● **What is being asked**
Stop at the line containing "Los Montesinos - Montesinos": write out every line from the beginning of the entries up to and including it, minus the pictures.

● **Dataset extract**
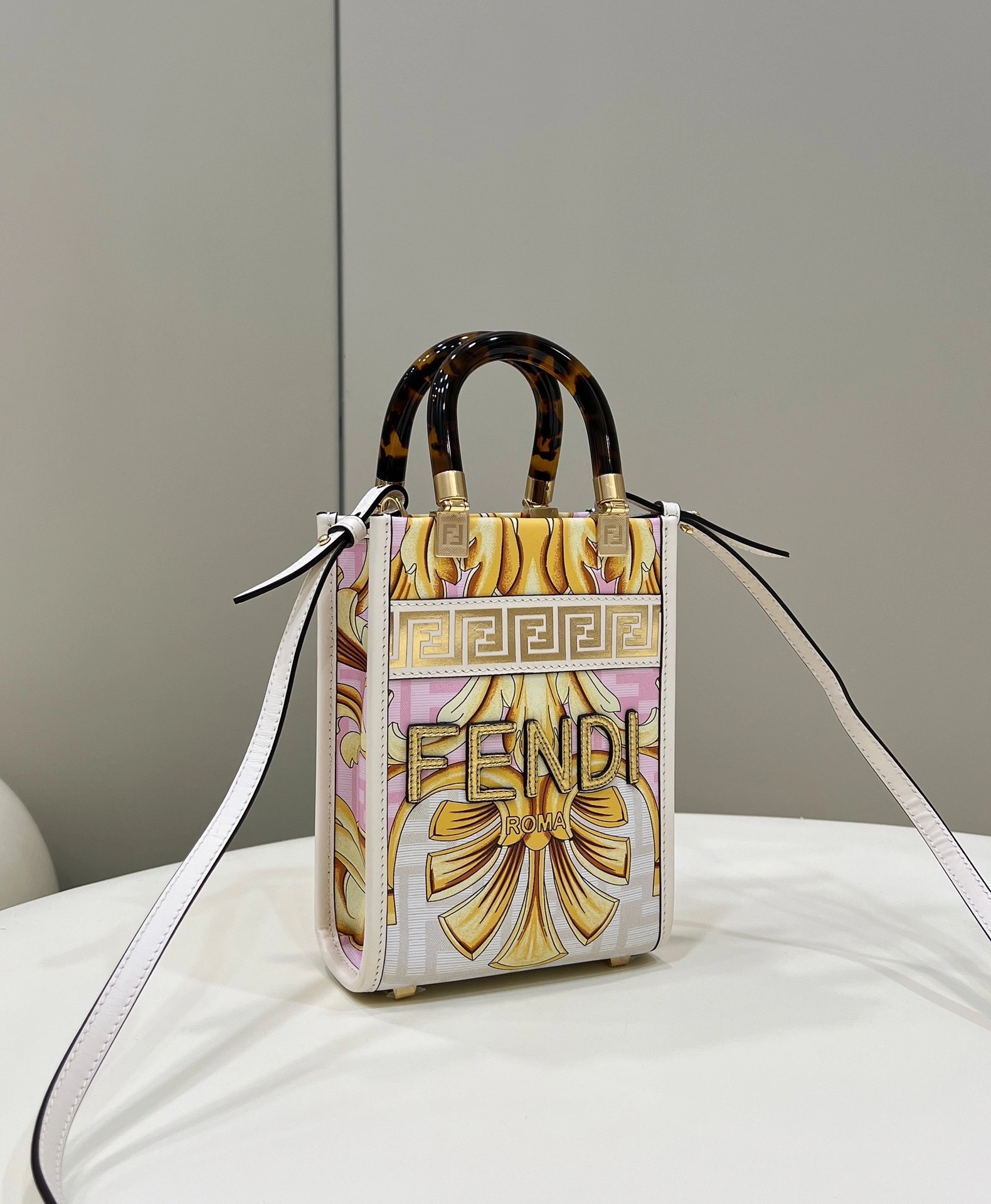 Vibrant Fendi Satchel Bags 76728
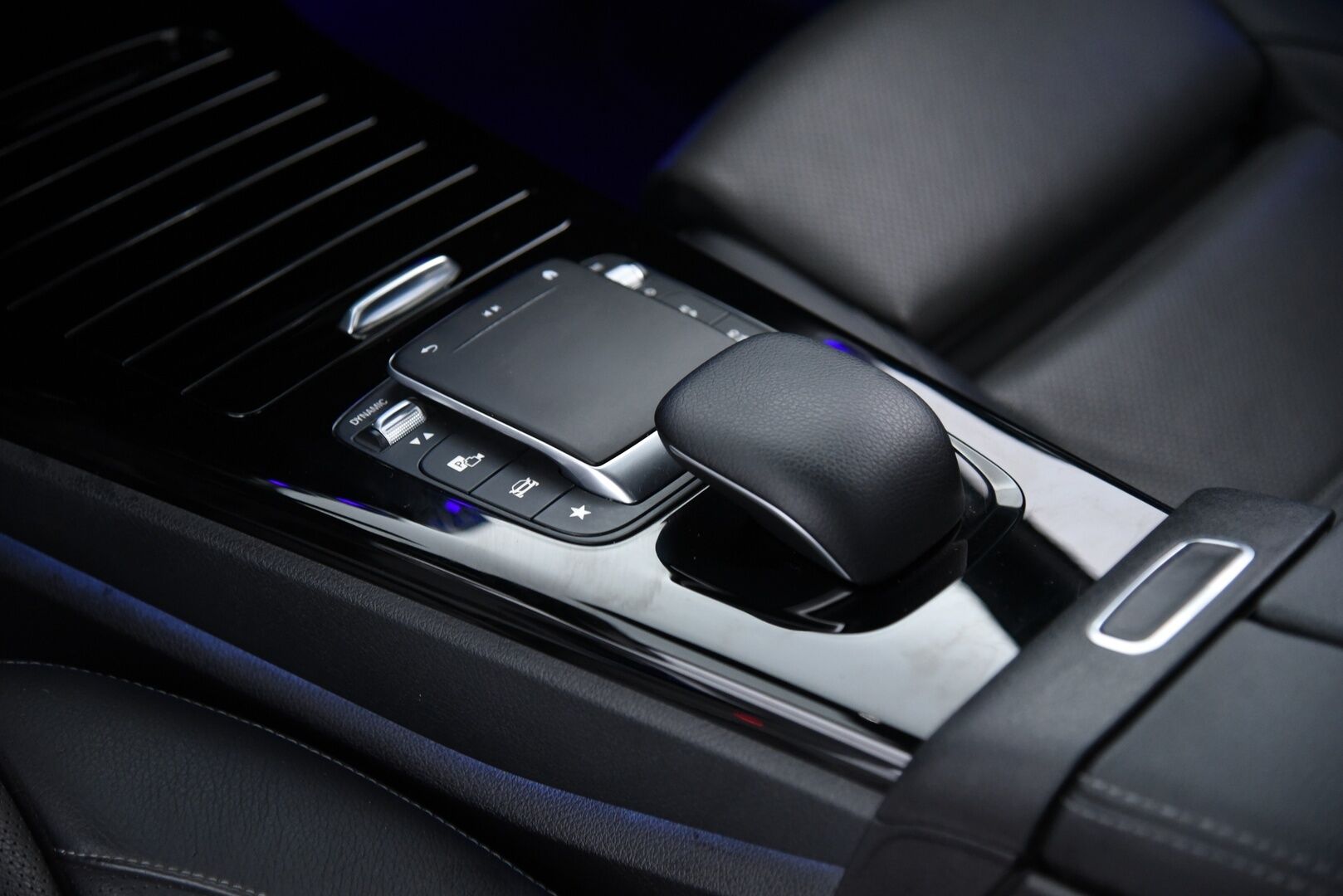 Mercedes-Benz A 2020 250 e A AMG Exclusive EQ Power / Multibeam / Ilmastoidut Nahat / 360° / Keyless / BLIS / Apple & Android - 3,99 % KORKOTARJOUS TÄHÄN AUTOON - Distronic Pro / Burmester / Widescreen / CCS-lataus / Night -paketti / Merkkihuollettu / Huippuvarusteet!
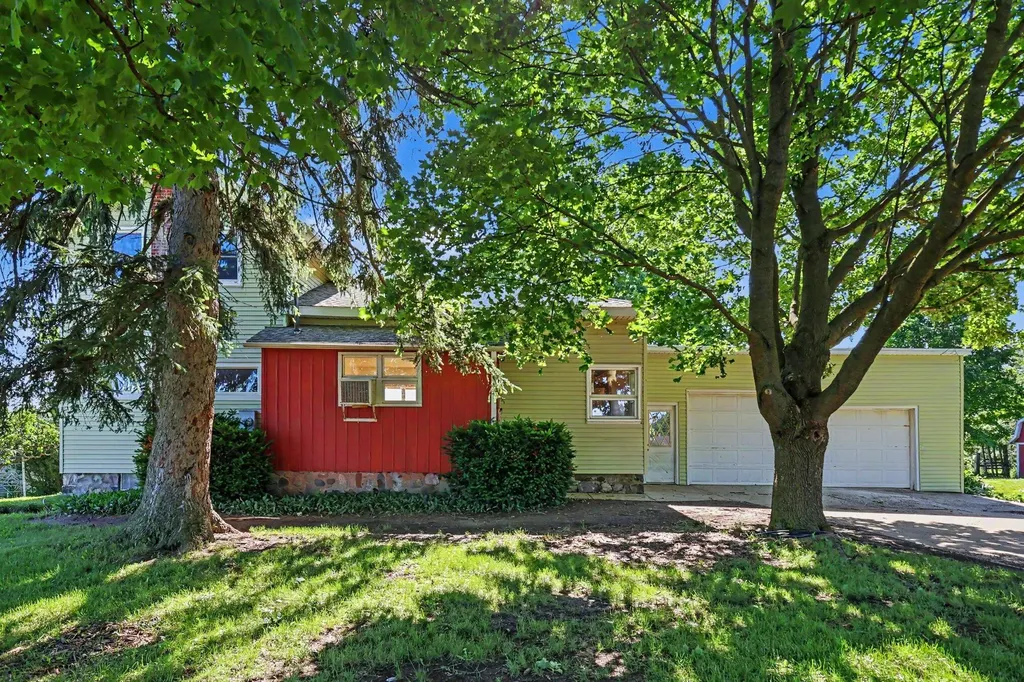 6923 Young Road Bellevue Township MI 49021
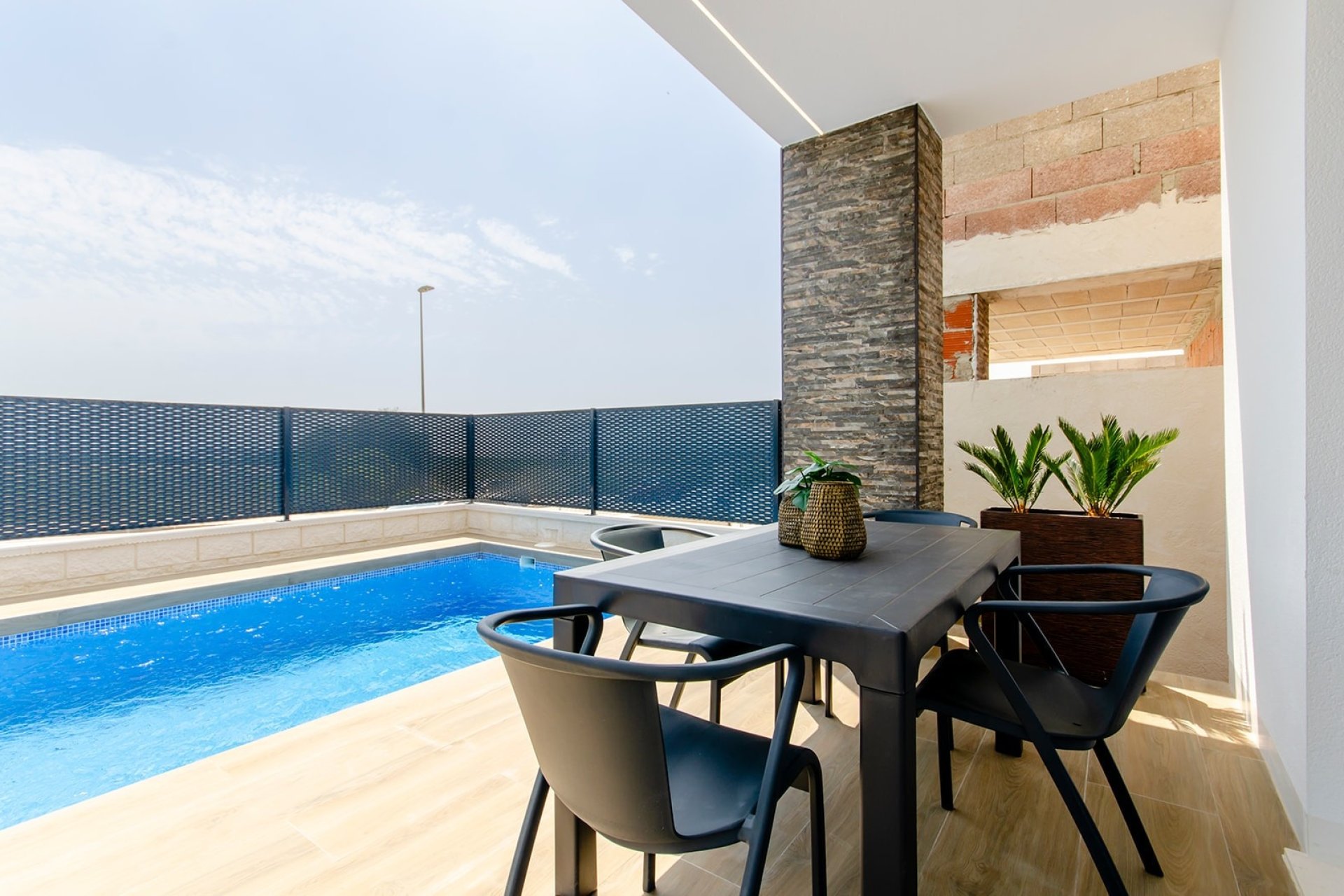 Obra nueva - Villa -
Los Montesinos - Montesinos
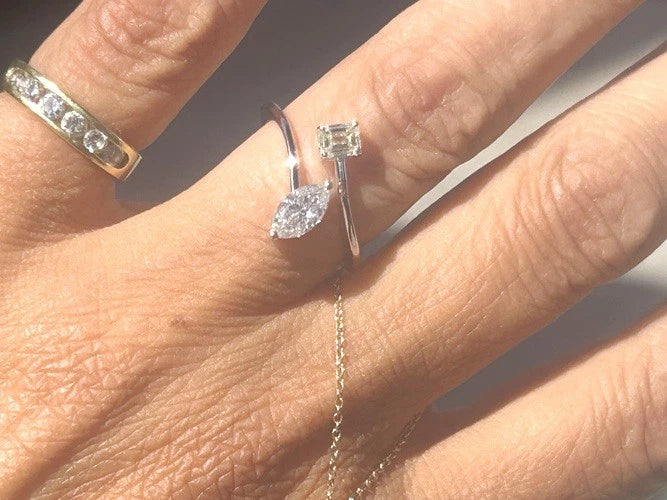 18K White Gold Pear & Emerald Diamond Crisscross Ring 0.83 Carats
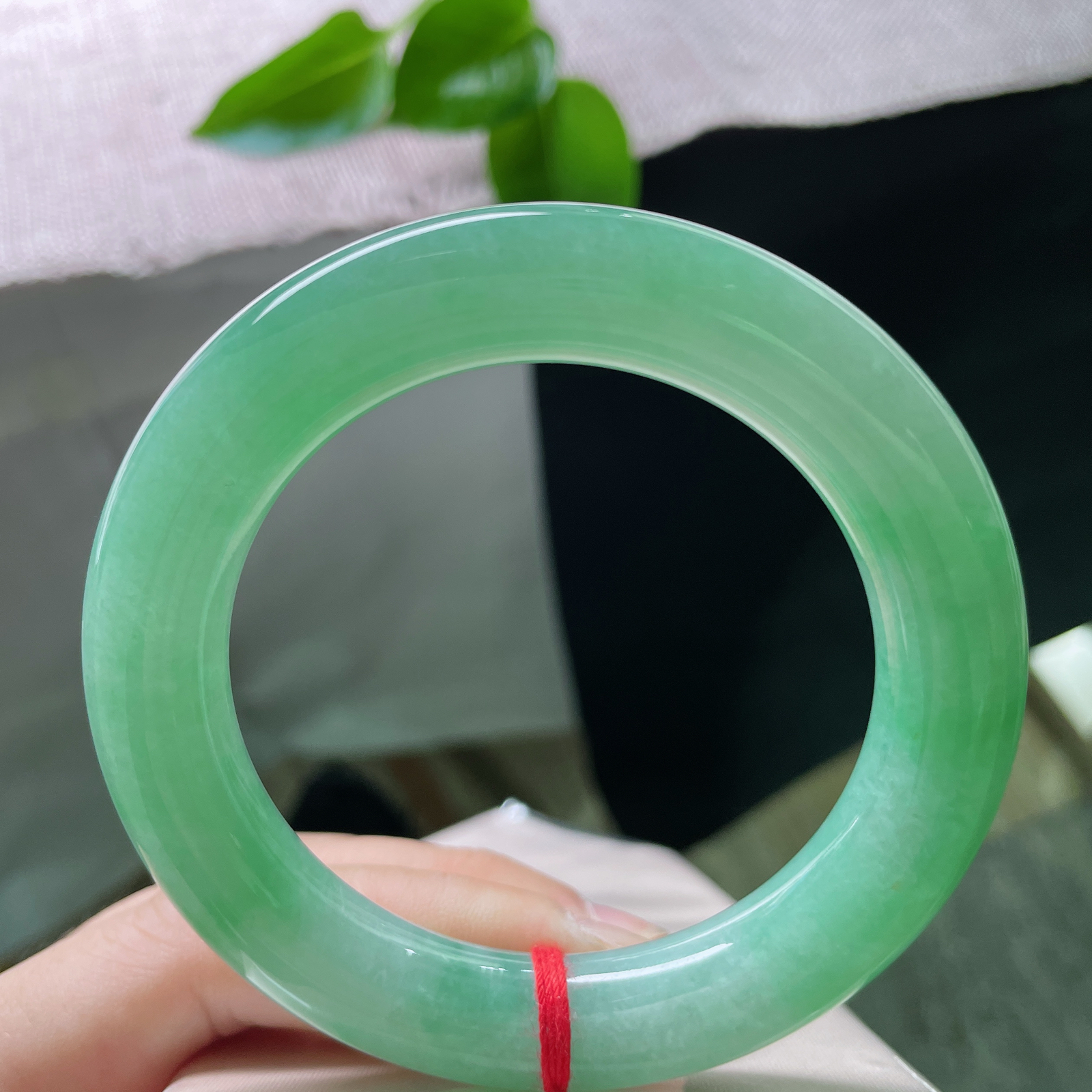 55.5/11.8，满绿圆条，圆满顺遂，种老起莹，是可遇不可求的腕上臻品。无纹裂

● **Task answer**
 Vibrant Fendi Satchel Bags 76728
 Mercedes-Benz A 2020 250 e A AMG Exclusive EQ Power / Multibeam / Ilmastoidut Nahat / 360° / Keyless / BLIS / Apple & Android - 3,99 % KORKOTARJOUS TÄHÄN AUTOON - Distronic Pro / Burmester / Widescreen / CCS-lataus / Night -paketti / Merkkihuollettu / Huippuvarusteet!
 6923 Young Road Bellevue Township MI 49021
 Obra nueva - Villa -
Los Montesinos - Montesinos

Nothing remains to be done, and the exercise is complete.